悪いことプロジェクト
「四半世紀も前のことだから、もう時効だと思うけど‥‥」と喋り出した知人から聞いた話である。面白い話ばかりする男なので作り話かもしれないが‥‥。
大学時代にストリーキング(streaking)をしたのだという。正確にいうと彼がやったのではなく、手伝いをしたというのだが‥‥。

ストリーキングとは、私が大学生頃、全国的に流行した、裸で街頭を駆け抜けるパフォーマンスで、もちろん法に触れる行為である。
以下は、彼から聞いた話だが、文体の都合上、一人称風に記述する。
それは学園祭に向けてのサークルの企画だった。自ら裸で駆けるというリーダーは、ある程度の思想性をもっての行動らしいが、他のメンバーは、何か面白いことをやりたいという遊び半分のノリであった。
やる以上は完全犯罪でなくてはいけない。目的を完遂しないうちに中止させられたり、実行直後に逮捕されたのでは意味がない。また、危険を避けるために人通りの少ない場所でこっそりやるのでもいけない。

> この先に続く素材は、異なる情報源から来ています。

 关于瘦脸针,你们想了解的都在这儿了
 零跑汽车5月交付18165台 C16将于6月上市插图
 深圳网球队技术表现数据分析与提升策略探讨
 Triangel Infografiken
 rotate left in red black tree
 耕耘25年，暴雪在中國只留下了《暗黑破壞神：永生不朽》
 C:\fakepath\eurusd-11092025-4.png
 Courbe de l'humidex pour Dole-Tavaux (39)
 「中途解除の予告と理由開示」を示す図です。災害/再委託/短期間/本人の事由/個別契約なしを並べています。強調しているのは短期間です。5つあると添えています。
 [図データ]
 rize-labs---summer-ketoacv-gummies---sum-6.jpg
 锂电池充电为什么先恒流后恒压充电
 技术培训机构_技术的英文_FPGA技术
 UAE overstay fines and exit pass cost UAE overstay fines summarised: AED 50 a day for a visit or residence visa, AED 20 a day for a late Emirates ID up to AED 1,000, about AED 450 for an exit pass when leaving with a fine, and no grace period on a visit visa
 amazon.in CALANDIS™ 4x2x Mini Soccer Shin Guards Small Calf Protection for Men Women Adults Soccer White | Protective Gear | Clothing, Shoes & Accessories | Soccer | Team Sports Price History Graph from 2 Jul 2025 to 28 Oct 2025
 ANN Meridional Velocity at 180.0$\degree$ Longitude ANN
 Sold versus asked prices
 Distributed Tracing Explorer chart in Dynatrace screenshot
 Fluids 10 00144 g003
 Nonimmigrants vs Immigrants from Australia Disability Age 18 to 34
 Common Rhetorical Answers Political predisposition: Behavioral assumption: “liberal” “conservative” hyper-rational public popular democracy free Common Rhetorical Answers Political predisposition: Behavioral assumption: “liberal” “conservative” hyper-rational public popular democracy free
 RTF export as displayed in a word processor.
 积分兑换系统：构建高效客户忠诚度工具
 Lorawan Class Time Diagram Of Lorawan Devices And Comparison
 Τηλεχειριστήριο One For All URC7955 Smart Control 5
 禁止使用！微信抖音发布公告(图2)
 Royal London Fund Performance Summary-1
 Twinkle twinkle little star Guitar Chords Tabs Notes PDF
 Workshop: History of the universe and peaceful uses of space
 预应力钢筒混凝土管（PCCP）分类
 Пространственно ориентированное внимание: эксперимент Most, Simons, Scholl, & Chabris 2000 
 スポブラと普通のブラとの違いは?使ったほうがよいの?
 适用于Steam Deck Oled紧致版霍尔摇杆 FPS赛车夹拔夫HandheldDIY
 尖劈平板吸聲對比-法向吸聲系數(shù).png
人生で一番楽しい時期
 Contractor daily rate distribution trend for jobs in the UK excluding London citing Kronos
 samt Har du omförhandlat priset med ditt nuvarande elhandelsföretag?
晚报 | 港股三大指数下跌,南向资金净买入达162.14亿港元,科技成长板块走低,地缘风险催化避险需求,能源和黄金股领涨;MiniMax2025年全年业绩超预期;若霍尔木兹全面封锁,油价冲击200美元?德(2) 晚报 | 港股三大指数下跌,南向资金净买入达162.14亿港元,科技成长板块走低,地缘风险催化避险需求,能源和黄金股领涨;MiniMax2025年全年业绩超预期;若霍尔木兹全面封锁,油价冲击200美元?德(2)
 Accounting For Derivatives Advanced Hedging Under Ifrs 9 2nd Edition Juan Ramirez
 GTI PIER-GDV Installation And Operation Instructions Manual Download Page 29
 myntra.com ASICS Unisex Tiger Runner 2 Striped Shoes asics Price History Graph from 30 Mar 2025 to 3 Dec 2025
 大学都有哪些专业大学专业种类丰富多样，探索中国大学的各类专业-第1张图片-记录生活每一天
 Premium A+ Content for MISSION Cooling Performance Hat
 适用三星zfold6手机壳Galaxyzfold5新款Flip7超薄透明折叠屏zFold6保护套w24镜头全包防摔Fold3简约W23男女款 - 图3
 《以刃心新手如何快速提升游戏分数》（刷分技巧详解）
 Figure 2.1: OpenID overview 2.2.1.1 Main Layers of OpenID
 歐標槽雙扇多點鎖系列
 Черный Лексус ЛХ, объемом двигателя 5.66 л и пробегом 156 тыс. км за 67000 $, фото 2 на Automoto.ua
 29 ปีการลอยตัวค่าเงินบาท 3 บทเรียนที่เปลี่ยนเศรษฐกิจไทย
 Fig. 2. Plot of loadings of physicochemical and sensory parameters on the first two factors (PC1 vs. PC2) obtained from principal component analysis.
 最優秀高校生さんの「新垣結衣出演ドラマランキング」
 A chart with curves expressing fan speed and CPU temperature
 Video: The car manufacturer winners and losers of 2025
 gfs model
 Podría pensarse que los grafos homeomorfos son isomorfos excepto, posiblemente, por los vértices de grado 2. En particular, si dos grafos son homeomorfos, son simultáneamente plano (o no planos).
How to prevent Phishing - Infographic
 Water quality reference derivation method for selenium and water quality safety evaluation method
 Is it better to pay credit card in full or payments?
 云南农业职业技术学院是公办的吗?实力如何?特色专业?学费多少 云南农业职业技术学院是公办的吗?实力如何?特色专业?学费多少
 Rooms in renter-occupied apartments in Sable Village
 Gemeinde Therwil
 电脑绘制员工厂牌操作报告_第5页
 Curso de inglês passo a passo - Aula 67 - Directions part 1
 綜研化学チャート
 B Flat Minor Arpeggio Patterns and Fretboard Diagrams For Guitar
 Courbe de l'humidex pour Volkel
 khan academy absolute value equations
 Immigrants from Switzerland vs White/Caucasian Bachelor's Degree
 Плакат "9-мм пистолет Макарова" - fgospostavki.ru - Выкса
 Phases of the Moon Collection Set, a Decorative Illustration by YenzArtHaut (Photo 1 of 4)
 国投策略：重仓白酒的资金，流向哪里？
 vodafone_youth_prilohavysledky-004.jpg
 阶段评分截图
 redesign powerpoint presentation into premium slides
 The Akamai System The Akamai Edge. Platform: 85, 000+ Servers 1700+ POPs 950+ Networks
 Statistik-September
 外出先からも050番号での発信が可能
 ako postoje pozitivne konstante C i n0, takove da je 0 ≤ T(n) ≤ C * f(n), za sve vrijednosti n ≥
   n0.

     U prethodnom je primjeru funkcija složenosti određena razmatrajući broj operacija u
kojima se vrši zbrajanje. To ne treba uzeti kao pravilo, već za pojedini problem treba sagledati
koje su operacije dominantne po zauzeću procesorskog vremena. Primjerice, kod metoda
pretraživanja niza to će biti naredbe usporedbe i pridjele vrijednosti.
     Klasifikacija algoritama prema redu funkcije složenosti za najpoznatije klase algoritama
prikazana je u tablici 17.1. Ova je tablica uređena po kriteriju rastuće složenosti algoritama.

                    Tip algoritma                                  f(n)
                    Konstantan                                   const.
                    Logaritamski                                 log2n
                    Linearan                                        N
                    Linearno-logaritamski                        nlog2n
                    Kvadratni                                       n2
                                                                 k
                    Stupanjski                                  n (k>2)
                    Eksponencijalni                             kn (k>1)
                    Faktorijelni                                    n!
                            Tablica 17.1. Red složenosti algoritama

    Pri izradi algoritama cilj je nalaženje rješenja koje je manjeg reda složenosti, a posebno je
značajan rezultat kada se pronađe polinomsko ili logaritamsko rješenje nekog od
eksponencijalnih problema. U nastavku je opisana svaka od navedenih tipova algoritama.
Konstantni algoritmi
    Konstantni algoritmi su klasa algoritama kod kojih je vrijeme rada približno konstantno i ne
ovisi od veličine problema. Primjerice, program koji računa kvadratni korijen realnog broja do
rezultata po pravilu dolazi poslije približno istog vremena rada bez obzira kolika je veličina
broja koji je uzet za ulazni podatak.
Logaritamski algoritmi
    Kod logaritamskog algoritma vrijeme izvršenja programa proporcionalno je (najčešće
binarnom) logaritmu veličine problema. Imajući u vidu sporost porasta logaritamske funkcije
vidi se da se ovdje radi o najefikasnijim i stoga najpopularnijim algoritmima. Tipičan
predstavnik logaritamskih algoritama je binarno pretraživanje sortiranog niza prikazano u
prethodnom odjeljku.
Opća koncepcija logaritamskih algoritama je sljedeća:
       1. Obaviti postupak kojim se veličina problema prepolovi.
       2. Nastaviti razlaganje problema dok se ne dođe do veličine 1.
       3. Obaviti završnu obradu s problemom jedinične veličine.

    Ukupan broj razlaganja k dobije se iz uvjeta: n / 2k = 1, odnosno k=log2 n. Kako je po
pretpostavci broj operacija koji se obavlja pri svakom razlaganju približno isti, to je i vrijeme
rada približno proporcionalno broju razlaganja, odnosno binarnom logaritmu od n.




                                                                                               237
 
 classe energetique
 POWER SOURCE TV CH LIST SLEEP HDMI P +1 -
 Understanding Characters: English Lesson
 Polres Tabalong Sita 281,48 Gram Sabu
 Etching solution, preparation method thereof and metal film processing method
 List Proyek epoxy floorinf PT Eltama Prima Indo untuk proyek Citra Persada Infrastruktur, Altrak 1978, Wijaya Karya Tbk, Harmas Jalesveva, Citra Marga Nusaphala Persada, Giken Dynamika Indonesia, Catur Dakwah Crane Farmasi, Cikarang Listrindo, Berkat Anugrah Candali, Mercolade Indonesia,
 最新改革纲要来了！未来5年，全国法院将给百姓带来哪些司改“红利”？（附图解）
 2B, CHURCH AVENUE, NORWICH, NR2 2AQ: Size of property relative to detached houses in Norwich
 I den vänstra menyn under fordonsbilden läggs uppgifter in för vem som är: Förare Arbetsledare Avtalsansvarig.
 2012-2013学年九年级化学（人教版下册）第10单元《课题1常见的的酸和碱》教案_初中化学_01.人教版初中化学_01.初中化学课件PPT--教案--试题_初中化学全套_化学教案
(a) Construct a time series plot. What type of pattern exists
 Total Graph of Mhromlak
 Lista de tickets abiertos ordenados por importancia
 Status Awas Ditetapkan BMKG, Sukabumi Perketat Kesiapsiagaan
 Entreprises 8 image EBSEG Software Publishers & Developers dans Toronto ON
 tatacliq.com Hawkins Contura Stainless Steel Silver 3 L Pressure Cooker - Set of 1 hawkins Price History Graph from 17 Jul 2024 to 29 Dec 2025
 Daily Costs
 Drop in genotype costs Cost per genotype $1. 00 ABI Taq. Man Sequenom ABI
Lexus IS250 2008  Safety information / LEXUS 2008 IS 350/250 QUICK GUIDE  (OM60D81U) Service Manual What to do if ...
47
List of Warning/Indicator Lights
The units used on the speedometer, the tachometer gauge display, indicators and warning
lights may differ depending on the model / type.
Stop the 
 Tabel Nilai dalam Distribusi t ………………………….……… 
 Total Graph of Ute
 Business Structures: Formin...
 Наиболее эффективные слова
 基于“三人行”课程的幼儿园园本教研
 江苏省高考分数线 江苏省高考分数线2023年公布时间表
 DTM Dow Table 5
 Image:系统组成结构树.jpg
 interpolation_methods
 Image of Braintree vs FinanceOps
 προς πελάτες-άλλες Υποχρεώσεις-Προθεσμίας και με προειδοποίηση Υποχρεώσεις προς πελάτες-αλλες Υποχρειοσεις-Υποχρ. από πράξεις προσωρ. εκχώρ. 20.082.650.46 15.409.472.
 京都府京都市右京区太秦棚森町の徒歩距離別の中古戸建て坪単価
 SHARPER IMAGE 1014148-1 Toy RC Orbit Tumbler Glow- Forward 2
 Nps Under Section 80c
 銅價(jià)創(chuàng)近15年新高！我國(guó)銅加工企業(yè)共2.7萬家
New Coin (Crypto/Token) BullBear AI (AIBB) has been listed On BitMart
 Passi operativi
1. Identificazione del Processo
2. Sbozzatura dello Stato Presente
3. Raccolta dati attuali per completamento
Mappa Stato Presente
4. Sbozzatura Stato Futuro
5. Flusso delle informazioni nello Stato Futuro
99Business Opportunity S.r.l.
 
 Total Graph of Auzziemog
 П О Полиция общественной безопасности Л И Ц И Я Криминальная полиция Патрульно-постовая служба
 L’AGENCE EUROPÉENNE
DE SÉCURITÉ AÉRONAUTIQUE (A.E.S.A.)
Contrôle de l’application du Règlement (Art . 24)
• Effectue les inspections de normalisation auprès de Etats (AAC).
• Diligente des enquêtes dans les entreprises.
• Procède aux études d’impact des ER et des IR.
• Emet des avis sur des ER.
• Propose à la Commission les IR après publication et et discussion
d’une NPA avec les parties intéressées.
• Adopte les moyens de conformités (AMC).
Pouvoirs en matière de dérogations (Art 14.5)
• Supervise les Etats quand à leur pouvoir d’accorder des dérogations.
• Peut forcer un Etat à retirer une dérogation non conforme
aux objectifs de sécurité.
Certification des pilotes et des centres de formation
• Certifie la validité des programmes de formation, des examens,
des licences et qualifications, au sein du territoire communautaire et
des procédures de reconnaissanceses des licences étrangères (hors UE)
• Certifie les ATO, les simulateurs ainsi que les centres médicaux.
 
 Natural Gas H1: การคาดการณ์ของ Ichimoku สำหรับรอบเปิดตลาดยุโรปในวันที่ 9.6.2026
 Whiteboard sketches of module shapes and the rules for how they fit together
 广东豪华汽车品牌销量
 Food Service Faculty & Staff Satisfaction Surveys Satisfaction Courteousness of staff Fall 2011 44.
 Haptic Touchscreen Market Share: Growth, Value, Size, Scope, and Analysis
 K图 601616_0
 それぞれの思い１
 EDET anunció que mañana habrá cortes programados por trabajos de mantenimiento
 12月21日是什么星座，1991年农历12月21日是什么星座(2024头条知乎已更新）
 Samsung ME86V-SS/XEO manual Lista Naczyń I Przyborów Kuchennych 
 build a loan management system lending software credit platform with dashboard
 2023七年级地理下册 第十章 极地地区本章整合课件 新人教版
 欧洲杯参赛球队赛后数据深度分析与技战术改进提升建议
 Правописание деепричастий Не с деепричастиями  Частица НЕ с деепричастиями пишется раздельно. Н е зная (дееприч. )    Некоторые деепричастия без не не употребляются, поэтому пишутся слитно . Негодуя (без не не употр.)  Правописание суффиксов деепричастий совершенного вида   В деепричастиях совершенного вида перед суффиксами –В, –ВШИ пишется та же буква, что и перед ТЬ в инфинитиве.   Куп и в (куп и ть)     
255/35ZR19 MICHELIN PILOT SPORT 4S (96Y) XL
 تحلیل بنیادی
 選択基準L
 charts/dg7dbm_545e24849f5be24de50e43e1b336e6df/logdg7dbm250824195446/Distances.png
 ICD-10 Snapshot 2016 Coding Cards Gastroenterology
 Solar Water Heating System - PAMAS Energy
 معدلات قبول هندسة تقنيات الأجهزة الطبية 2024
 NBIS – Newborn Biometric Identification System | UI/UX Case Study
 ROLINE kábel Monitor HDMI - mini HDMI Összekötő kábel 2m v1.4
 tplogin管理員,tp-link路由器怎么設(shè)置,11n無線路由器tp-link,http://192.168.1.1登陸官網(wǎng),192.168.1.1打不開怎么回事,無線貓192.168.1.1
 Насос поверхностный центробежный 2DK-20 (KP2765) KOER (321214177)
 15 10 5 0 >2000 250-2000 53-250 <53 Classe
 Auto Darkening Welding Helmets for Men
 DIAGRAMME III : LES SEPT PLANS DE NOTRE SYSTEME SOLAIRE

最も人出の多い時間に、街のメインストリートを颯爽と走り抜け、霞のように姿をくらましてこそ、話題性もあるし、達成の満足感も大きい。
水も漏らさぬような緻密な計画が必要だった。
通りの交差点の信号が変わる間隔が調べられ、何時何分に走り出せばよいかが算出された。ランナーを降ろす車、拾う車の停車位置も邪魔が入らないように熟考された。万一、パトロール中の警官等がいたり、走路に障害物があったりした場合に、スタート時刻を次の最適時に変更できるように、要所にトランシーバーを持った見張りを置く計画も整った(当時2年生だった彼は、その役目だった)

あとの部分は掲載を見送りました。